How to make the poor wealthy – Should we pay third world workers a ‘fair’ wage?

‘The reason I lower my prices is because I can do the job for less money and I want to win the business. I want to provide services to my customers for the lowest price I possibly can to get my service to them without sacrificing quality. I want to save them money and in doing so I win the business against my competition’.

That’s what my friend, a small business owner, told me recently.

That’s efficiency, driven by competition. Creating shit with as little wastage as possible.

The constant drive to do things more effectively in order to beat the competition is the single greatest delivery mechanism for the betterment of poor peoples’ standards of living, that the world has ever known.

20 years ago mobile phones were very very expensive and very very crap. Only very rich people could afford them. It was very unfair to see these greedy rich people with their mobile phones, while the 99% of us had to go without.

Today people in even the poorest countries in the world have access to phones which are 100 x more powerful than even the best supercomputer of 20 years ago.

How did this happen?

By efficiency driven by competition. Rather than force mobile phone companies to give phones to poor people to make it ‘fair’, the mobile phone companies were allowed to make profits and they re invested those profits in research and design. They were allowed to compete, study new technologies, new inefficiencies.

With competition comes the drive for efficiency and greater profits for technological advancement this in turn causes prices to fall while goods and services get better.

Things get both cheaper and better.

You can see this also happened not just with mobile phones. It also happened with cars. Foreign holidays. Toothbrushes. Central heating. Television sets.

Anything you care to name. Competition and the drive for efficiency is one of the most critical forces the world has ever know for delivering life benefits to all people.

Trying to restrict this by insisting people don’t compete is how you keep poor people poor.
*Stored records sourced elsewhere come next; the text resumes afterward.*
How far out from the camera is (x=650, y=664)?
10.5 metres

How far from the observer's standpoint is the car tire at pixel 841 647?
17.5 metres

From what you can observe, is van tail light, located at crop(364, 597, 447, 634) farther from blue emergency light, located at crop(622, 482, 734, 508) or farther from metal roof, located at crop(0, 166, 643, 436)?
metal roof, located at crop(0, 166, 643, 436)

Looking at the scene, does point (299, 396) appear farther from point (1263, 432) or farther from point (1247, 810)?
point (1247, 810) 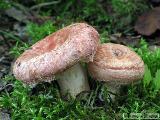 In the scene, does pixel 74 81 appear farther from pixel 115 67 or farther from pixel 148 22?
pixel 148 22

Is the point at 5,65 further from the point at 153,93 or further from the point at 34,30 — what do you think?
the point at 153,93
You don’t make people wealthy by giving them money you make them wealthy by bringing the things they covet within their grasp.

That’s what, say, the Indians are doing. They have a lower cost base to people in the UK and they use that to their competitive advantage. They undercut the people in the UK gladly because they win the business, while working just as hard if not harder and in return they drastically raise their standards of living.
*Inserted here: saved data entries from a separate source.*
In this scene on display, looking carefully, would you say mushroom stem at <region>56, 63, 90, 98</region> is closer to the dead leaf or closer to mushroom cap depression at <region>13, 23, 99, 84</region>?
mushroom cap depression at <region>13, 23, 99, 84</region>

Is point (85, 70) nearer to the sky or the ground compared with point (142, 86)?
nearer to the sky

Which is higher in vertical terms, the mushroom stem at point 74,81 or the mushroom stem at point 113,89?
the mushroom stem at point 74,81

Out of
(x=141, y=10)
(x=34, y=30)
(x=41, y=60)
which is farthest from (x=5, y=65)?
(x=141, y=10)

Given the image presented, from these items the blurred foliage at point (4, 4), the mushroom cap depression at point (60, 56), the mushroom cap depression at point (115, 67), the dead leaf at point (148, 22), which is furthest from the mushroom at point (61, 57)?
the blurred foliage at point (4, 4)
They’re not forced to work for Apple in India. They queue up to work for Apple.

If you demand Apple pay them the same rate as people in the UK then Apple just can’t afford to go to India.
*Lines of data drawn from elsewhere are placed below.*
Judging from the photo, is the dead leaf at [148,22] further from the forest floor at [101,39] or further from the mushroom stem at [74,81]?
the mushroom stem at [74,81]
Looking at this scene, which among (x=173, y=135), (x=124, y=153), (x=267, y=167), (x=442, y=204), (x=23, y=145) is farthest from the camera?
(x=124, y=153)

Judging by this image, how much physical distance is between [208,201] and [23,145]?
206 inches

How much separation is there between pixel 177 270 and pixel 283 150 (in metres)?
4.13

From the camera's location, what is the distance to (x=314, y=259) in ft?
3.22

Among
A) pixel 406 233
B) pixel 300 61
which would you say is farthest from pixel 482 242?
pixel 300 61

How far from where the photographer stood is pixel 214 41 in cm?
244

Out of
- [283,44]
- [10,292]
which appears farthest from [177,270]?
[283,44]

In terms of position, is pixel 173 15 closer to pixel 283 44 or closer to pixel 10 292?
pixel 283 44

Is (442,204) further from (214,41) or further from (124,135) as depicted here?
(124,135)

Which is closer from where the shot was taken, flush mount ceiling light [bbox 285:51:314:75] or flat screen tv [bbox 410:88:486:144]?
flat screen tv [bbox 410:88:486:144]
The result – the Indians don’t get jobs. Apple don’t get to be as competitive as they could be.

Every time Apple lower their cost base they have more money for:

Research and design
Lowering the cost to their customers
Paying dividends to their share holders.

All three of these things are so enormously beneficial to all people on the face of the planet I can’t stress enough.

So demanding that Indian’s get paid the same because them taking advantage of their competitive position is somehow ‘unfair’ is not just emotional and illogical, it’s placing your demand for a misplaced perception of fairness be given ahead of the progress of us as a species and the rescue of the poor from crippling need.